In 2002, Perrin et al [28] described the histology of onychomatricomas, establishing criteria involving 3 prerequisites, as follows:

  • Fibroepithelial tumor with two anatomic zones based on proximal and distal location: The proximal zone, beneath the proximal nail folds, starts at the root of the nail and extends to the cuticle. This zone corresponds to the tumor base and is composed of deep epithelial invaginations and fibrillary stroma. The distal zone corresponds to the lunula and is characterized by multiple tumor digitations or projections lined with matrix epithelium and cavities filled with serous fluid.

  • Matrical tumor in two layers: The 2 layers are (1) a superficial cellular layer with fibrillary collagen and (2) a deep, less-cellular layer filled with dense collagen bundles.

  • Thick nail plate formed by a thick keratogenous zone: The nail is perforated by cavities filled with serous fluid.

Alternate histoclinical presentations and considerations

Usually, an onychomatricoma forms from the proximal nail matrix without involving other sites, such as the ventral proximal nail fold. However, reports describe formation in other sites that produce a resultant unusual presentation. These sites include the following:

  • The ventral part of the proximal nail fold without matrix involvement: This tumor produces pressure on the matrix and results in a nail depression.

  • The matrix, but also covering the ventral nail fold to include the angle at which it meets the dorsal epidermis: Clinically, this appears like the pterygium of lichen planus but without the histologic joining of the matrix granular metaplasia.

  • Clinical mimic of nail Bowen disease, with a yellow thick nail: This is due to the pressure of the onychomatricoma on the distal differentiated matrix. The histological subungual tissue reveals minute digitations, but not the classic digitations that give the anemone look.

Because nail plates are not always available as part of the biopsy specimen (or in case reports on onychomatricomas), the diagnostic criteria have been refined based on immunohistochemistry findings. Specific staining criteria include antibody AE13 staining in a V-shaped expression pattern in the epithelium ridges of an onychomatricoma.

Nail clippings may show glove-finger epithelial projections of the nail matrix epithelium extending into the nail plate. This has recently been shown to form a pattern that could potentially assist with diagnosis via analysis of the nail clippings alone. [29] In using nail clippings, this report found multiple small holes in a frontal view of the nail clippings after hematoxylin and eosin staining. The cavities stained positively for cytokeratin and were found to have lining derived from epithelium.



Histologically, a continuum exists for fibroepithelial neoplasms of the nail in their epithelial-stromal ratio, stromal cellularity, and stromal atypia. These details have been proposed to be the basis for a more descriptive naming system for onychomatricomas, based on cellular proliferation ratios and atypia.

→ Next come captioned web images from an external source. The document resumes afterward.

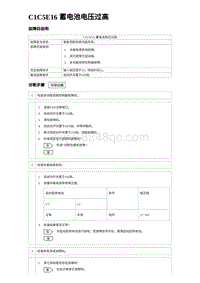 2023海鸥故障诊断 C1C5E16 蓄电池电压过高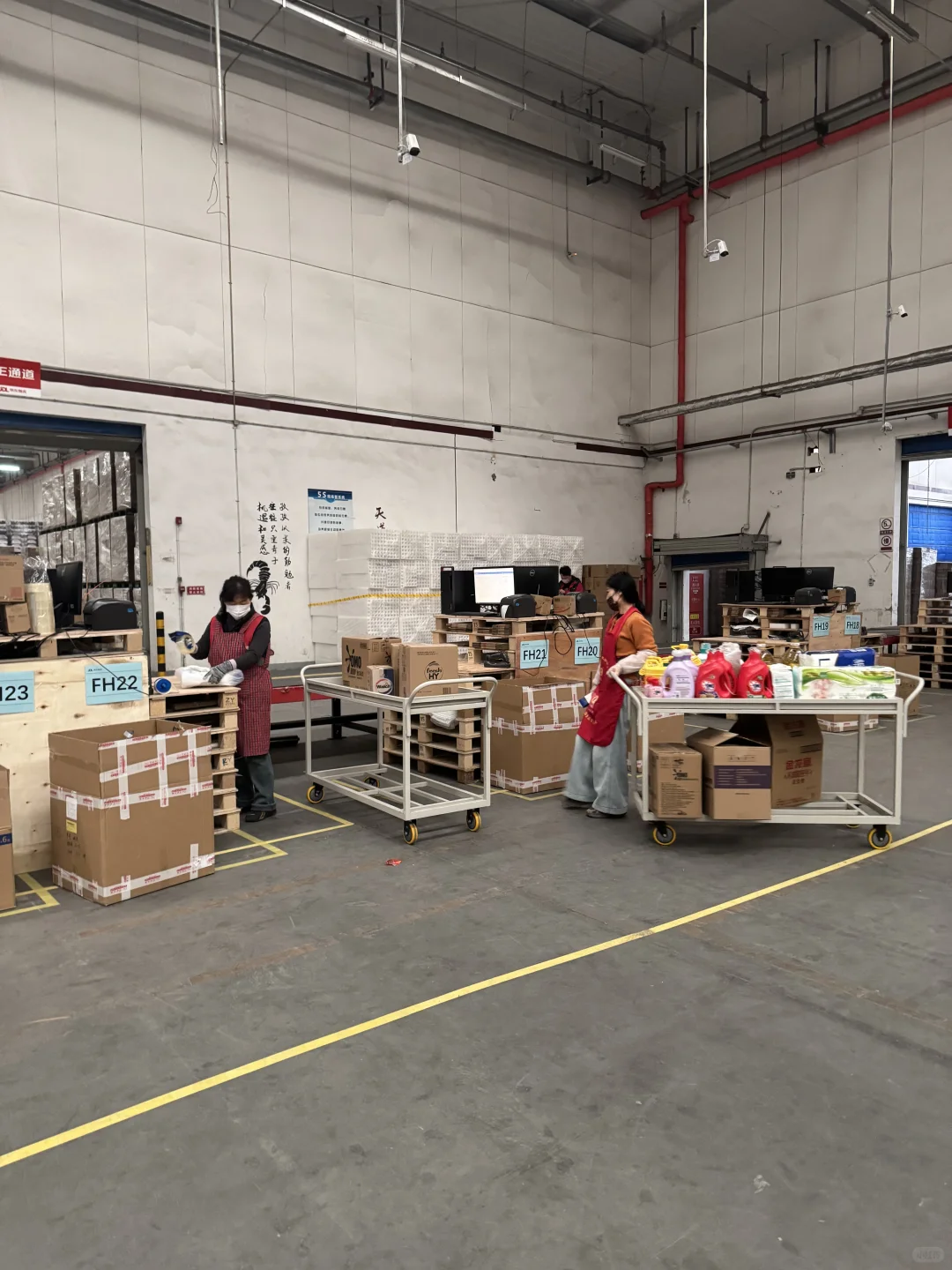 实拍固安京东北区 就这活溜达干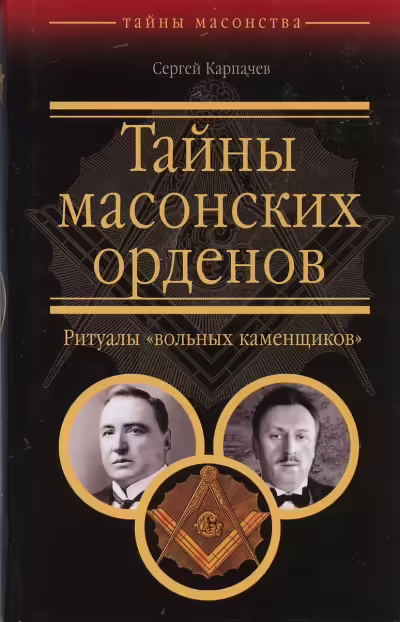 Корицата на Тайны масонских орденов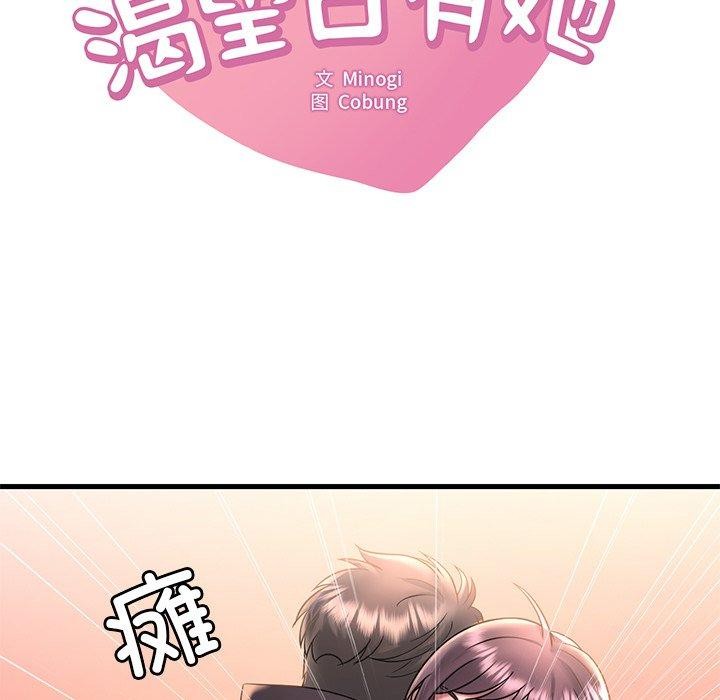 想要拥有她/渴望佔有她 第46話 韩漫图片7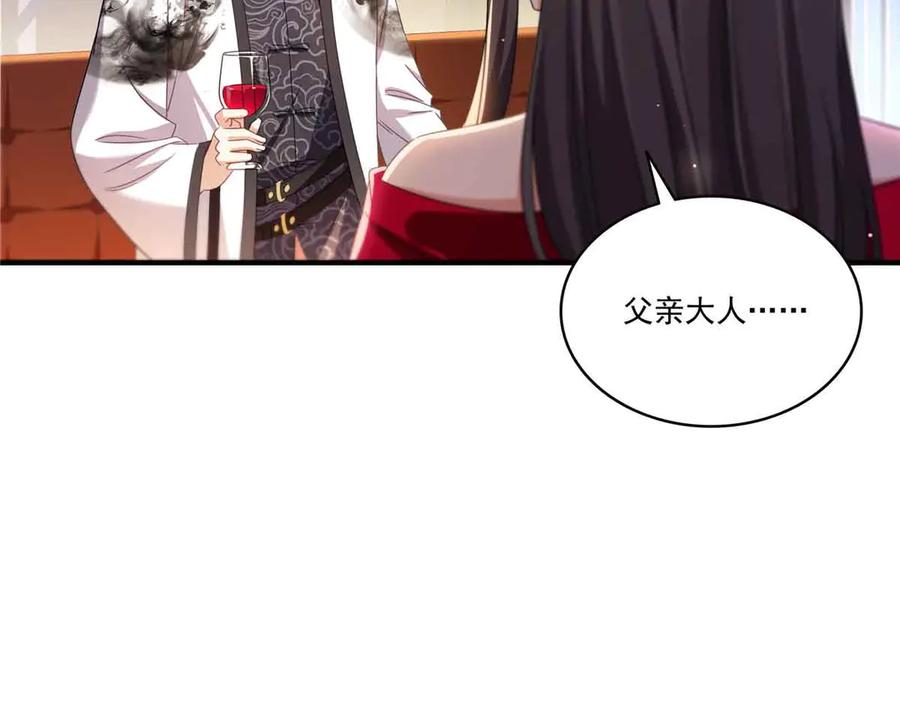 恰似寒光遇骄阳~漫画,第552话 接风派对3图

The terms espoused are as follows:

  • Unguioblastoma: This is a tumor with a predominant epithelial component. The epithelium-to-stromal proliferation is at a ratio of 3:2.

  • Unguioblastic fibroma: This is a tumor with a predominant and more characteristic cellular stroma. The stromal cells have parallel spindle-to-fusiform nuclei. The epithelium-to-stromal ratio is reportedly less than 2:3.

  • Atypical unguioblastic fibroma: This is a tumor in which the cellular stroma shows nuclear pleomorphism and atypia with an increase in mitotic activity. Also present may be areas of focal necrosis. Here, the stromal region displays the parallel spindle formation noted in the unguioblastic fibroma, but with much more cellularity. No ratios are reported for this class.